Of a representative sample of North Carolina public schools, 84 percent either agreed or strongly agreed that the COVID-19 pandemic negatively affected students' behavioral development. Furthermore, 87 percent of schools agreed or strongly agreed that the pandemic impacted students' socio-emotional development.

According to the press release, students struggled to go back to in-person learning after experiencing social and academic challenges due to remote learning, quarantine and limited interactions with peers and teachers. 

A $17 million federal grant was given to the N.C. Department of Public Instruction to assist 15 less-funded school districts in providing more mental health resources for their students. 

“We know that the pandemic in and of itself was considered a childhood adverse event, and it was a traumatic event for young people,” LaVerne Mattocks-Perry, senior executive director for student support services for Durham Public Schools, said. 

Mattocks-Perry said that public schools in Durham have focused on using restorative practices. These practices allow school faculty and staff to give 80 percent of their focus to relationship-building with students and 20 percent of their focus to dealing with student disciplinary issues, she said.

“We have almost doubled our resources and our attempts to provide solid foundational resources to schools to make sure we have a way to be more proactive,” Mattocks-Perry said. 

Claire Gitterman, Carrboro High School's student government president, said she believes online school due to the pandemic impacted student motivation.

She said students grew accustomed to being able to follow their own schedule and work at their own pace. There weren't many people telling them what to do, she said. 

"I think for a lot of students who really appreciated that freedom, the adjustment back to in-person school was difficult," Gitterman said. 
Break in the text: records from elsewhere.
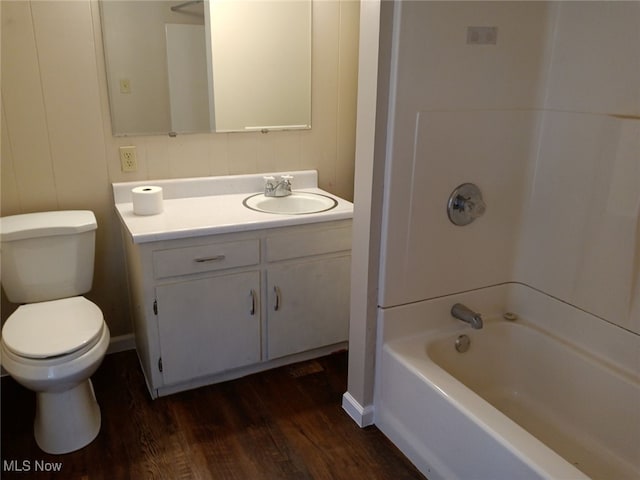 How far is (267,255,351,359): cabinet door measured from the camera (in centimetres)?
221

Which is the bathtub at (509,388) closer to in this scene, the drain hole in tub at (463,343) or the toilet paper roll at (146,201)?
the drain hole in tub at (463,343)

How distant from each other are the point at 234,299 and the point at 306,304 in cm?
34

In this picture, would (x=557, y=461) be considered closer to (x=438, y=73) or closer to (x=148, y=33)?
(x=438, y=73)

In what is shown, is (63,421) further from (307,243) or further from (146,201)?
(307,243)

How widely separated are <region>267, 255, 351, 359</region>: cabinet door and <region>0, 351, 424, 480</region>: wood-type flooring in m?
0.17

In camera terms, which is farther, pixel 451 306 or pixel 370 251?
pixel 451 306

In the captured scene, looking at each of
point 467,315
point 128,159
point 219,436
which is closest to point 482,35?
point 467,315

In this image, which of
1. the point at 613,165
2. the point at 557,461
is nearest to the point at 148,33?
the point at 613,165

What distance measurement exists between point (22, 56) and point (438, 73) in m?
1.61

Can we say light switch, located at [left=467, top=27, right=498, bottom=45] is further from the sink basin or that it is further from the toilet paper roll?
the toilet paper roll

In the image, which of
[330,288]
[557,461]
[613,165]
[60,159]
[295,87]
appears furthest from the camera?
[295,87]

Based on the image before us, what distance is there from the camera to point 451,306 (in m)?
1.98

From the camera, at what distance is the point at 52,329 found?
1817 millimetres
Gitterman added that she thinks the majority of teachers at her school have been understanding with students, especially in light of a difficult post-pandemic transition. 

She said that mental health is a continuous discussion at the school, and staff has done a great job addressing student needs. 

Lucille May, a first-grade teacher at Sherwood Forest Elementary School, said she noticed her students were coming in at lower developmental levels than usual. 

She said the ability for students to listen to teachers was hard because they missed so much school. She said school is about learning how to be a good learner, not just academics.

“They needed a lot of social-emotional learning lessons, a lot of repetition,” May said. “A lot of going over the rules. Eventually, we got there but they needed a lot of time to really get all that under their belt.”

However, she noted that school has been much better during the current school year, especially because teachers have experience in a post-COVID-19 school year.